## Your instructions
The lines from the start of the data through the line containing "Cry Like An" are to be reproduced exactly, both ends included.

## Exercise data

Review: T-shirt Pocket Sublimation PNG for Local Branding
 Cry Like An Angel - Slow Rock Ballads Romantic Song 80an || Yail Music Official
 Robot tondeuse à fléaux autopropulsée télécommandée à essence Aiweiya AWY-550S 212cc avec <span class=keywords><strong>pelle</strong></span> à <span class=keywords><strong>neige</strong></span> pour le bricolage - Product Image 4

## Exercise result
Review: T-shirt Pocket Sublimation PNG for Local Branding
 Cry Like An Angel - Slow Rock Ballads Romantic Song 80an || Yail Music Official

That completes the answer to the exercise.